(Crawled caption data)
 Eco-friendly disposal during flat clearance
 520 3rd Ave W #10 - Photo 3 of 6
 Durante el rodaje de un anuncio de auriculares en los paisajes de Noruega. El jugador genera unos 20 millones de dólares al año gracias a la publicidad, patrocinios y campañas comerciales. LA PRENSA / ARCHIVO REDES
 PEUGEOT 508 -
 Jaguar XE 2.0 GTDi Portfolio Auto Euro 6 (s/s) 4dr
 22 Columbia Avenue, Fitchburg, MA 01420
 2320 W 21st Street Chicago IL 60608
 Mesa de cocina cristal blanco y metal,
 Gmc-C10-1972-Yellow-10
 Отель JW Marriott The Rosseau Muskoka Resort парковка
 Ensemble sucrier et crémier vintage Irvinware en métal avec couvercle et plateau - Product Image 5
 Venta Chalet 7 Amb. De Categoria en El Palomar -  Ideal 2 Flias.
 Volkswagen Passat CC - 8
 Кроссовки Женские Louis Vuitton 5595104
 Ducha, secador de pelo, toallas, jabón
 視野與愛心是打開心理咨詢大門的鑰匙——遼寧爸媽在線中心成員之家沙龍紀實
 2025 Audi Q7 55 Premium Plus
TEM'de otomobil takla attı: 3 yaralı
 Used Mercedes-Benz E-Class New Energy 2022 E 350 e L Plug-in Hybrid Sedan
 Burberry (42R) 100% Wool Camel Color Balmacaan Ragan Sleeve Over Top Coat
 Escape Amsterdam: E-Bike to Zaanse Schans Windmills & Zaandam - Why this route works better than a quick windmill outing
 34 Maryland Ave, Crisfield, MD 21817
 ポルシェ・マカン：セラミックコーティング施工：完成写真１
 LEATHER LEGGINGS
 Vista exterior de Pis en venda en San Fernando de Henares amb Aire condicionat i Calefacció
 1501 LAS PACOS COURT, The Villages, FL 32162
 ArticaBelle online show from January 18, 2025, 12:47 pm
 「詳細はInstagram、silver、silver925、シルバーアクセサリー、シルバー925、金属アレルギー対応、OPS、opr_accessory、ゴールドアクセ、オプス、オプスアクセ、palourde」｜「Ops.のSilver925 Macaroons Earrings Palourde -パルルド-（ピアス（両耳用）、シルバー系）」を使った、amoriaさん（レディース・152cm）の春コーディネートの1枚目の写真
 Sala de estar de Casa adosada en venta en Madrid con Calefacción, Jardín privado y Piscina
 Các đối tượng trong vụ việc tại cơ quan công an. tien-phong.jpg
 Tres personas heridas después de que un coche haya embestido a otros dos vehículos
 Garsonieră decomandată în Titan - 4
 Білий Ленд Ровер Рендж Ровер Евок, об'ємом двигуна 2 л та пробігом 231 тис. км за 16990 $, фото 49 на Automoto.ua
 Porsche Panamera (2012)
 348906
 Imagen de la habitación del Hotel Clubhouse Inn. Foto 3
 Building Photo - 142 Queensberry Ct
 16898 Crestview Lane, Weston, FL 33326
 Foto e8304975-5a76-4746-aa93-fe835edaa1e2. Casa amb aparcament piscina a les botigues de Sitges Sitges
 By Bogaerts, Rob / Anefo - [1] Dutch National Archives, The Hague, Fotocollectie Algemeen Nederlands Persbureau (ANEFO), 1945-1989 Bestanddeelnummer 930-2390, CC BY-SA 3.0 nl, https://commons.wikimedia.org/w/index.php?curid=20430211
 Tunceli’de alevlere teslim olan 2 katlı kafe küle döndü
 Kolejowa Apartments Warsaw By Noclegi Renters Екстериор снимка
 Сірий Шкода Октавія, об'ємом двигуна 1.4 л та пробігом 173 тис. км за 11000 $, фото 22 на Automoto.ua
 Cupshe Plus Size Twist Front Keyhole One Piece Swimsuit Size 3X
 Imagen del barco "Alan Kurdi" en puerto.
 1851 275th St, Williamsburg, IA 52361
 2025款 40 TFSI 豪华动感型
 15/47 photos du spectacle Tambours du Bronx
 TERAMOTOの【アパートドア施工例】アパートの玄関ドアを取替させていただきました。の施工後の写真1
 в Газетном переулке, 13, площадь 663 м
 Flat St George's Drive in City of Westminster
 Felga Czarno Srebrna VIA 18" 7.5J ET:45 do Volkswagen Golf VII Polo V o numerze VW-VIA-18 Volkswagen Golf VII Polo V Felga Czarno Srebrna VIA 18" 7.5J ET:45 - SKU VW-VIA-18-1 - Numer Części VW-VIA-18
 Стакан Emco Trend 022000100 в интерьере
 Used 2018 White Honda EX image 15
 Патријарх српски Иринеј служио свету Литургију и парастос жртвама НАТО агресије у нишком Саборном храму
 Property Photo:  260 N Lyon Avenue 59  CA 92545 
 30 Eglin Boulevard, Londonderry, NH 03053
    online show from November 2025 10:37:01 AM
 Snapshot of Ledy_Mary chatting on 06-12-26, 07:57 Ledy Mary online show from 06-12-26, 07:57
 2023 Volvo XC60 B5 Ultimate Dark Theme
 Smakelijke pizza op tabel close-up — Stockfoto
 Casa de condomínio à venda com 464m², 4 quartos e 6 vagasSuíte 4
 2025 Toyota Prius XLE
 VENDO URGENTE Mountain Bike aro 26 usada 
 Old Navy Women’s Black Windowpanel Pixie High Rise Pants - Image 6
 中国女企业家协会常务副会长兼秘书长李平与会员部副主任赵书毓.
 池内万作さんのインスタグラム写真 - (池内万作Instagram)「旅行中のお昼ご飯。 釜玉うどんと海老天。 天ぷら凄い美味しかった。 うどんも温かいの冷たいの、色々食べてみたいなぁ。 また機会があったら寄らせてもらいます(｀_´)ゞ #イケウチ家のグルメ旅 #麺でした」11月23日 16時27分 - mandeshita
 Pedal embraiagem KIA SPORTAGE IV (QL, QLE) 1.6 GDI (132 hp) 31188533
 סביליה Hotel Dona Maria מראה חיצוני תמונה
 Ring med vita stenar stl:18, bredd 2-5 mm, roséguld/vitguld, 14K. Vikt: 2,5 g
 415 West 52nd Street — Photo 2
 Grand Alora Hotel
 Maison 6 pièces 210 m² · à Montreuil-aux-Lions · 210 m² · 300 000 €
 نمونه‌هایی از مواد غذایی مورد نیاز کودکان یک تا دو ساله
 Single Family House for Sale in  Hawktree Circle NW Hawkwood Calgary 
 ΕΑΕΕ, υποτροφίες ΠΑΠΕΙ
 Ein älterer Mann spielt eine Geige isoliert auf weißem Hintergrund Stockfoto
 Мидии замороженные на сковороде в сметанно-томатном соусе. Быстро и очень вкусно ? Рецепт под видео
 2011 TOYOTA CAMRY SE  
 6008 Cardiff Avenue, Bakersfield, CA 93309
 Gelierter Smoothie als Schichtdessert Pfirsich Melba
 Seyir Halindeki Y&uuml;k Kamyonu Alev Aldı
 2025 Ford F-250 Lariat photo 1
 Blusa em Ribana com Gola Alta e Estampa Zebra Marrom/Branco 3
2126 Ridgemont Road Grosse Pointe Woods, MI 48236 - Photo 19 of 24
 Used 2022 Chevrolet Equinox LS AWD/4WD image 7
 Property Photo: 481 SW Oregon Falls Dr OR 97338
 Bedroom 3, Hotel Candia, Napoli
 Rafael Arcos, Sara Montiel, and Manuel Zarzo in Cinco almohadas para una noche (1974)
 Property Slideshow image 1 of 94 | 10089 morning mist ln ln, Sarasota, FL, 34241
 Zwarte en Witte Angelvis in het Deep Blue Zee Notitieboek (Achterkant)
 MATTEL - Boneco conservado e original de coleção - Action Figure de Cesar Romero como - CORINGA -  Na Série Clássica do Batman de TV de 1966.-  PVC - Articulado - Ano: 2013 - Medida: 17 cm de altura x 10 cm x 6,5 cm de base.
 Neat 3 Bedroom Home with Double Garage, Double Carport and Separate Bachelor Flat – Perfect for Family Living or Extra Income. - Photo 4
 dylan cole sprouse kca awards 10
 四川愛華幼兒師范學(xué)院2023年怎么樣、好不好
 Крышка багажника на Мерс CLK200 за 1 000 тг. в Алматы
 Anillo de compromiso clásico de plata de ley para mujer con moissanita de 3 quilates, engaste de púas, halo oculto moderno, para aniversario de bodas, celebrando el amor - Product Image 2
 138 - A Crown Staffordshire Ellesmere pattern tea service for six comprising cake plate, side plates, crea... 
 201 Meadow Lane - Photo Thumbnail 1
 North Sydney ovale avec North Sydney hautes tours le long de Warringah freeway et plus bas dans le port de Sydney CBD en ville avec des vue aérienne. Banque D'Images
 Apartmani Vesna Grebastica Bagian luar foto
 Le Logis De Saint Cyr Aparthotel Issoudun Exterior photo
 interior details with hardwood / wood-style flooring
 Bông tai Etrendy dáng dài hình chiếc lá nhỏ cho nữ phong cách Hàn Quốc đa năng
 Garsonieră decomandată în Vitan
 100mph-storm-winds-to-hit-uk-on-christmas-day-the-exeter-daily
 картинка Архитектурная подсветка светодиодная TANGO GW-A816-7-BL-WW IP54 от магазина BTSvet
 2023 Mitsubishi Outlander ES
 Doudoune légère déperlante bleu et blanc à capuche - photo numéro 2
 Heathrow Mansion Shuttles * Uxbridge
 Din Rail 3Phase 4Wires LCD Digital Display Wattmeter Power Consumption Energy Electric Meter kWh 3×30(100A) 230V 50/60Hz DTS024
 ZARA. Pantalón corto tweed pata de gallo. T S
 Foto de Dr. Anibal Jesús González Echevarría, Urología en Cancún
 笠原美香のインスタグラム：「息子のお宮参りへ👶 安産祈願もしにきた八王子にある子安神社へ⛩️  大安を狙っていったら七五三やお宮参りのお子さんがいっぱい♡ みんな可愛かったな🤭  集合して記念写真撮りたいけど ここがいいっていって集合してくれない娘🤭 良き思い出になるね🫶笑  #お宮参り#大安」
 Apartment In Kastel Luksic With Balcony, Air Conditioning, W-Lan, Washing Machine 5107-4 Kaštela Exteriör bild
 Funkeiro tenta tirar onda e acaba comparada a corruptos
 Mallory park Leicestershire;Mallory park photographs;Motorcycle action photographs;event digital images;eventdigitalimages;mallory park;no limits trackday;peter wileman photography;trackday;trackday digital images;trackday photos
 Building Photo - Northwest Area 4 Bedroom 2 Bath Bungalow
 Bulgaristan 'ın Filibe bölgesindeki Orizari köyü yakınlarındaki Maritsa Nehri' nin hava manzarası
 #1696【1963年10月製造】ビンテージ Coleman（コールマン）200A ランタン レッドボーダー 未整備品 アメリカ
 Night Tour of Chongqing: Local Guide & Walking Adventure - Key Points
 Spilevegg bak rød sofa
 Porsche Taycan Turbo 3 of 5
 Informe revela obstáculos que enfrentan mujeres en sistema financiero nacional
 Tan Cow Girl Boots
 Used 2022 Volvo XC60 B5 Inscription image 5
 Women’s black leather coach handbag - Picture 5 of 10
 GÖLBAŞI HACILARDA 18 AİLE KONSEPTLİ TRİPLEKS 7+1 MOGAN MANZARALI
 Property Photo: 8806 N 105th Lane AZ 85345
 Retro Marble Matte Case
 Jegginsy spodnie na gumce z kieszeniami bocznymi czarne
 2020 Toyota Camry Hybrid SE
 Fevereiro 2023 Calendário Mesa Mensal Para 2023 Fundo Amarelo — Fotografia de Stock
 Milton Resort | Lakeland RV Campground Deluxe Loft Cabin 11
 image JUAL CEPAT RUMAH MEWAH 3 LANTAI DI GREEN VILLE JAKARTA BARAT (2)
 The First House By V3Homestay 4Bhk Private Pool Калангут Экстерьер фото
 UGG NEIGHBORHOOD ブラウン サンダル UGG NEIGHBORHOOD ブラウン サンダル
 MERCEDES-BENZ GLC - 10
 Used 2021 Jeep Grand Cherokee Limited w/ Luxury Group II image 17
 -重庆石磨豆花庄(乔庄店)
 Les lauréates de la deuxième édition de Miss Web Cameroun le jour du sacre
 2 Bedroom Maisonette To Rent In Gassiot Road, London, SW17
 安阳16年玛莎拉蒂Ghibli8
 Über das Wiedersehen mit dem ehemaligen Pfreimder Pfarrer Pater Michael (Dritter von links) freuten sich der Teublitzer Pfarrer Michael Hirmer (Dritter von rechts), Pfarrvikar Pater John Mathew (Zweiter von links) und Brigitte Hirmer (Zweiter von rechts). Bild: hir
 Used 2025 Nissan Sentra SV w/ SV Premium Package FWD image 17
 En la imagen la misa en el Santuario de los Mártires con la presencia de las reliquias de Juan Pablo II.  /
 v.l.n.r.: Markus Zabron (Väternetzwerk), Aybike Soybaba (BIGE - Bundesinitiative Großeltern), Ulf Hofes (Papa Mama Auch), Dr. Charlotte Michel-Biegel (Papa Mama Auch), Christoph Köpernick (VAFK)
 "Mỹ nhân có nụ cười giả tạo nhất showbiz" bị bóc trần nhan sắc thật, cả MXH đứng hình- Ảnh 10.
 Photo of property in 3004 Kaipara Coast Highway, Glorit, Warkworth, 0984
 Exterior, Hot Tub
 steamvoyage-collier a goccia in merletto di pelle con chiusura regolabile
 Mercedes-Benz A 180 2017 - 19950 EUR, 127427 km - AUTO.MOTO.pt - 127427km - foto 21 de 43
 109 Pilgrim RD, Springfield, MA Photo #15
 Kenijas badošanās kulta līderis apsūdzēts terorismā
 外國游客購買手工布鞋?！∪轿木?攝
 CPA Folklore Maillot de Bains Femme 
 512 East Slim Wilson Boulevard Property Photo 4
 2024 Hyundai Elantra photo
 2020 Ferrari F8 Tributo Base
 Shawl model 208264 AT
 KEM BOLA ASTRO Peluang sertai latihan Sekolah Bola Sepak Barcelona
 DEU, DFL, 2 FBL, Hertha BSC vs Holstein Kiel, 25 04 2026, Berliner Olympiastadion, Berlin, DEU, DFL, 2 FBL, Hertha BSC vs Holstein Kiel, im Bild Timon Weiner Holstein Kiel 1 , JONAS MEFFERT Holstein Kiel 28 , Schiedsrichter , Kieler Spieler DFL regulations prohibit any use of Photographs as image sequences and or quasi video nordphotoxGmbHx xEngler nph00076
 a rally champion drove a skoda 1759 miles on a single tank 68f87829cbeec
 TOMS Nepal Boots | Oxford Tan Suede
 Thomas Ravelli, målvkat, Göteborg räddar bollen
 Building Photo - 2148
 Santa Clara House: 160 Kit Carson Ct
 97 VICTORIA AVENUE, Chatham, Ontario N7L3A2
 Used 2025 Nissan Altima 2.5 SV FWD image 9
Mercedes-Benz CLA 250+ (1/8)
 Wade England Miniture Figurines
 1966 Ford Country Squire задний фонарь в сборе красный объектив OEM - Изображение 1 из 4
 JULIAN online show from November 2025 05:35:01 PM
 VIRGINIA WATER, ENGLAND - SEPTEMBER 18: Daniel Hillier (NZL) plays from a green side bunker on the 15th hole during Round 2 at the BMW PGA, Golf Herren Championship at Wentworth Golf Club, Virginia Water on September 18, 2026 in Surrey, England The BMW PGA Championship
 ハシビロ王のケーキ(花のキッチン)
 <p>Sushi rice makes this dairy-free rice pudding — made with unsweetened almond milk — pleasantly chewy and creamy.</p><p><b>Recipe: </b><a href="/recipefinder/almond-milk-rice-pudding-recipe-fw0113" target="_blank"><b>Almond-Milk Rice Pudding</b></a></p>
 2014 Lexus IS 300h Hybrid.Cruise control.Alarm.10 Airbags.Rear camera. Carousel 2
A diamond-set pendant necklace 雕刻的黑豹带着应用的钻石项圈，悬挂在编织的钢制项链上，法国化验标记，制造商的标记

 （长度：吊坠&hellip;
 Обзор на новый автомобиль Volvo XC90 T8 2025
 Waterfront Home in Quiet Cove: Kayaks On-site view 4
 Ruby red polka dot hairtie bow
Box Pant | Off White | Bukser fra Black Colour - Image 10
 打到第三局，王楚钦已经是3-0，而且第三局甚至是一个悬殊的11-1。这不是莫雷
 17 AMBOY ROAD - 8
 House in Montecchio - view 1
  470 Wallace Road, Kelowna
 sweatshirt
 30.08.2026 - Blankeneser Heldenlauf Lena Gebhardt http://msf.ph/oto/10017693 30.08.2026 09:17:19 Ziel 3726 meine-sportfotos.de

### The problem
Among the records above, count the lines that include the word "Lane" and state the number by itself.

### Solution to this exercise
3